12 Tips To Deal With Rising Gas Prices
Gas prices are rising fast, with $4 per gallon common and up as high as $5 per gallon in Los Angeles.
Gas prices usually rise between February and Memorial Day as the costlier summer-blend gas is produced and more people drive while on vacation. But the nationwide rise of 47 cents since mid-January is one of the earliest increases that some experts say could lead to all-time highs.
The average price across the country is $3.77 a gallon, but expect that to rise, according to a USA Today story.
Remember record high gas prices in the summer of 2008, when the national average in July was $4.11 per gallon? Those may look like the good old days.
The story cited an oil broker who speculates that prices will rise in March, but will drop in the summer. That’s because once prices hit $4 a gallon, people feel the pain enough in their wallets that they drive less.
It’s also when sales of smaller, gas-efficient cars go up, including electric vehicles, and commuters find other ways to get to work such as public transportation, biking and working from home.
“Gas is going to continue its 32-day steady rise at the pump through April to $4 a gallon,” says Chris Faulkner, CEO of Dallas-based Breitling Energy Companies, in a press release. “This number, coupled with higher heating bills and lower paychecks due to expiration of the payroll tax holiday, means shrinking budgets and increasing unrest among consumers.”
To save gas, the most common methods are to drive the speed limit and not accelerate fast. Here are 12 more tips from Faulkner on how to make your trip to the gas pump less painful:
1. Fill up your tank on Wednesday or Thursday before 10 a.m. Gas prices rise on Thursdays in anticipation of weekend travel, and 10 a.m. is when most gas station owners make their price change for the day. Unless it’s an emergency, don’t buy gas on Friday or weekends.

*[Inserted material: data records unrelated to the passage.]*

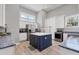 Bright laundry room with white cabinets, stainless steel appliances, and a center island at 565 Green Dolphin S Dr, Placida, FL 33946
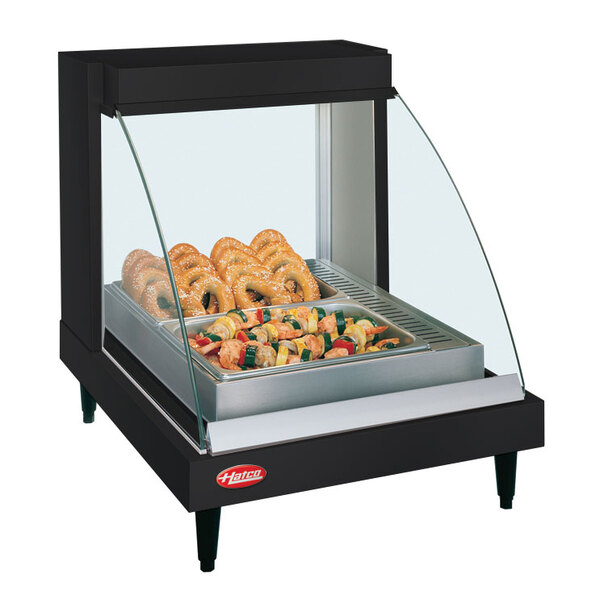 A Hatco countertop food display case with food inside.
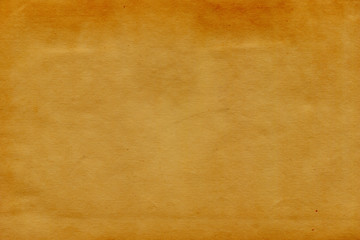 Vintage and old looking paper background. Retro cardboard texture. Grunge paper for drawing. Ancient book page.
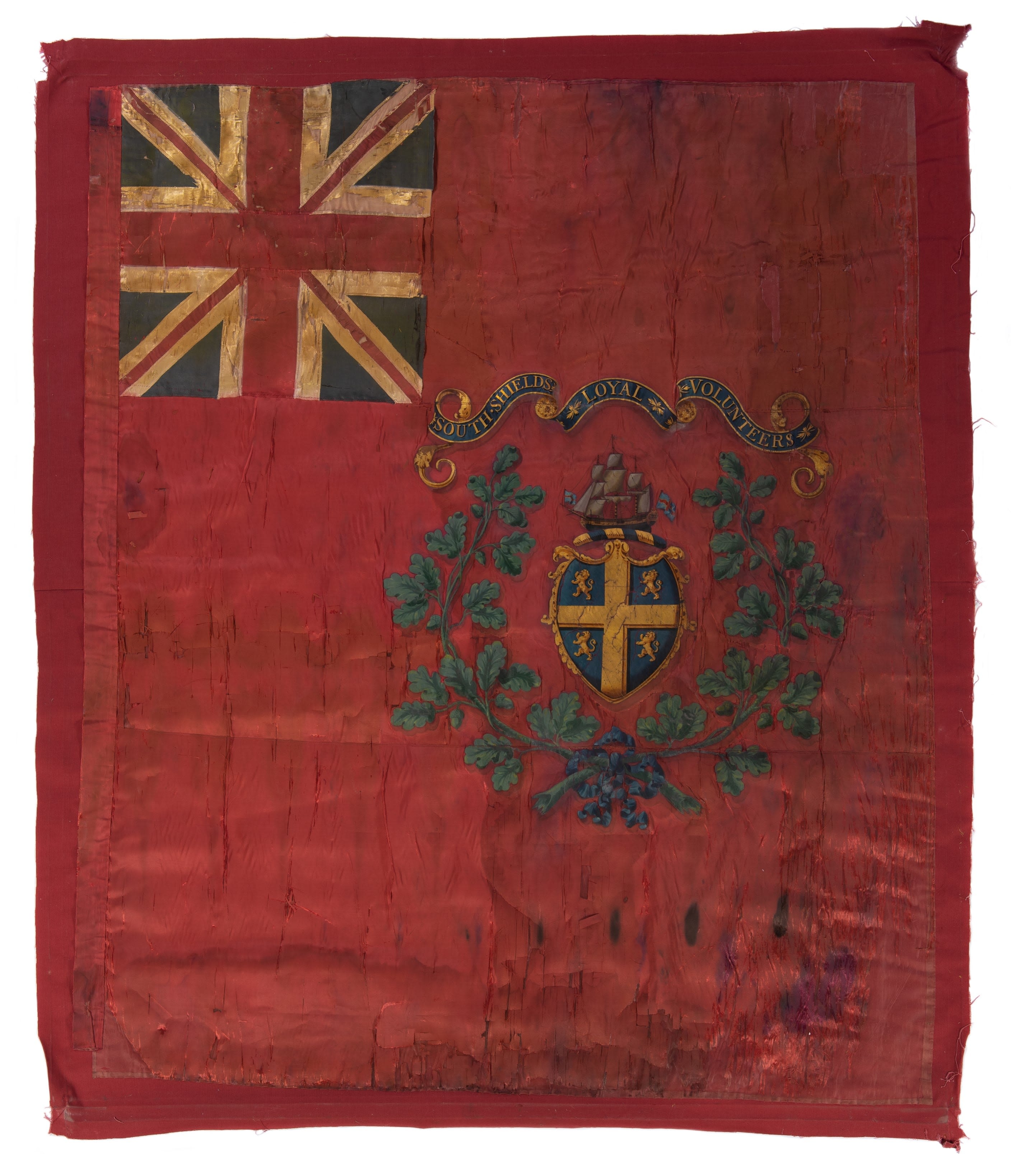This Colour has a red silk, background, with dark coloured streaks caused by age. The top left corner of the Colour has a Union Jack and there is a crest in the centre with the name of the unit, a green wreath, a large ship and a golden cross on a blue background.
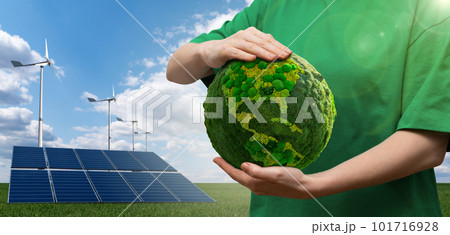 Woman holding a green planet Earth 101716928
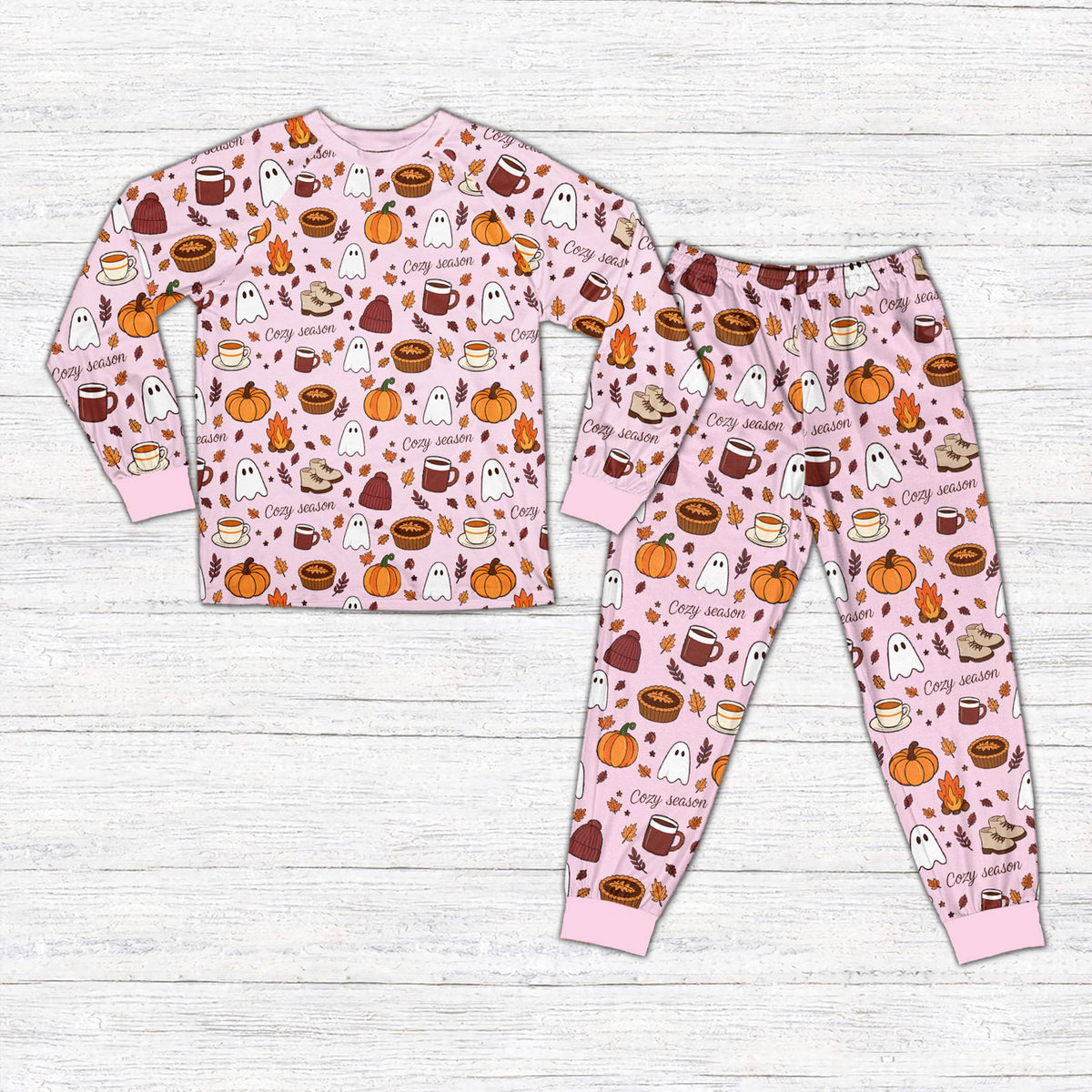 Pink fall pajama set with cozy season design, front view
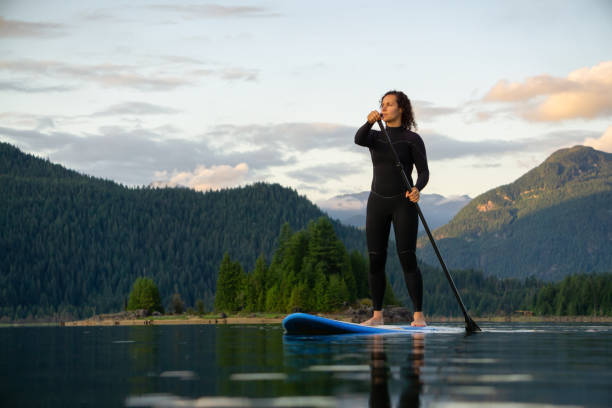 istock Adventurous Girl on a Paddle Board is paddling in a calm lake 1189471221
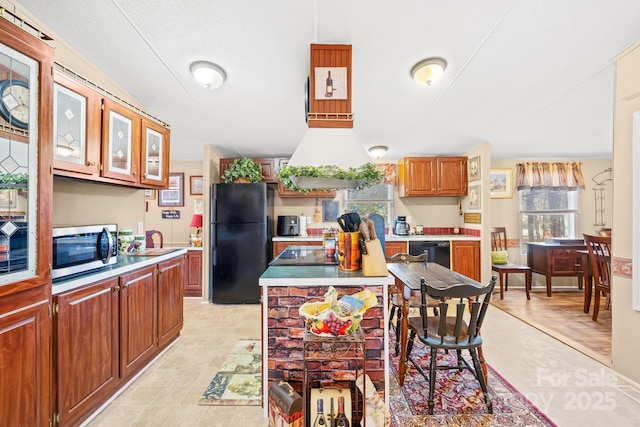 kitchen featuring black appliances, range hood, light countertops, and a sink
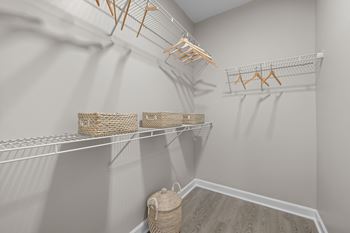 A white closet with clothes hangers and baskets on shelves.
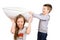 Boy and girl fighting pillow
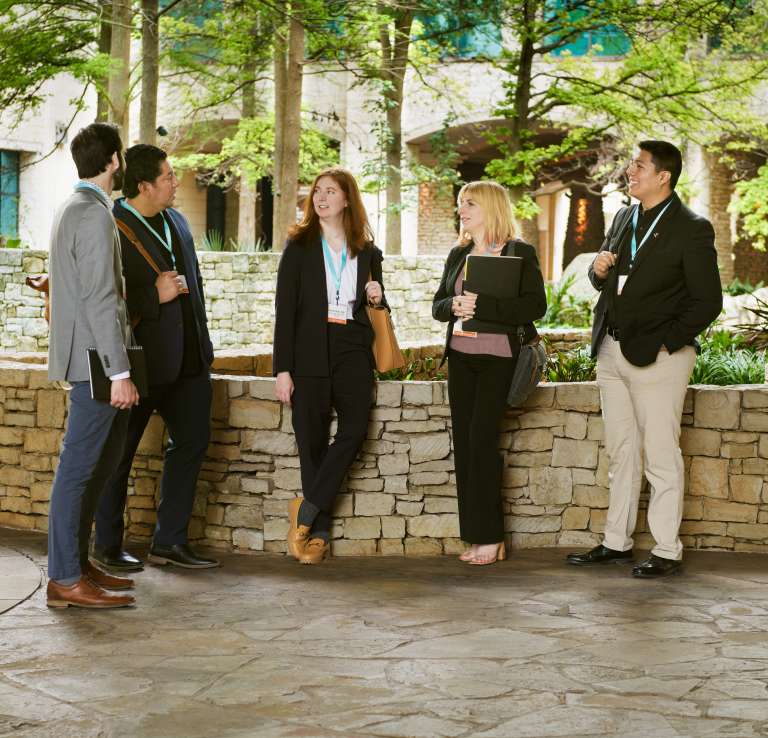 Group of meeting professionals gathering in front of grotto at Henry B.Gonzalez Convention Center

2. Don’t let your car idle, either when you warm it up or when you are at a standstill. If you’re going to be standing for more than a minute, running your engine wastes more gas than restarting the engine.
3. Remove unnecessary items in your car. Every 250 extra pounds eats up an extra mile per gallon of gas.
4. Avoid the convenient gas station on the side of the highway as you drive home from work. Such stations can charge up to 15 cents more per gallon.
5. Save money with self-service and look for gas stations where paying cash costs the same as using a credit card.
6. Double check the price to ensure you’re not paying more if you do use a credit card. Some stations charge a nickel or so more per gallon for using a credit card, so if you’re using cash be sure to hit “cash” on the pump.
7. Drive less by combining errands, carpool and plot the shortest route before you leave the house.
8. Check for traffic and detours online, on a smartphone or on the radio before beginning your drive so you can avoid wasteful backtracking and idling.
9. Keep your windows closed when driving on the highway. Open windows can reduce gas mileage by as much as 10%. In stop-and-go traffic, open the windows and turn off the air conditioning to save more money.
10. Rent fuel-efficient cars when you travel and research reasonably priced places to buy gas before you leave.
11. Download a gas app for your phone. GasBuddy is a free app that will help you find the cheapest gas near where you are, and Mapquest has an online finder for gas prices.
12. Be loyal to one gas company and get rewarded with its cash-back credit card reward program. You might not save money at the pump immediately, but getting cash back can help pay the credit card bill for the gas when it arrives in the mail.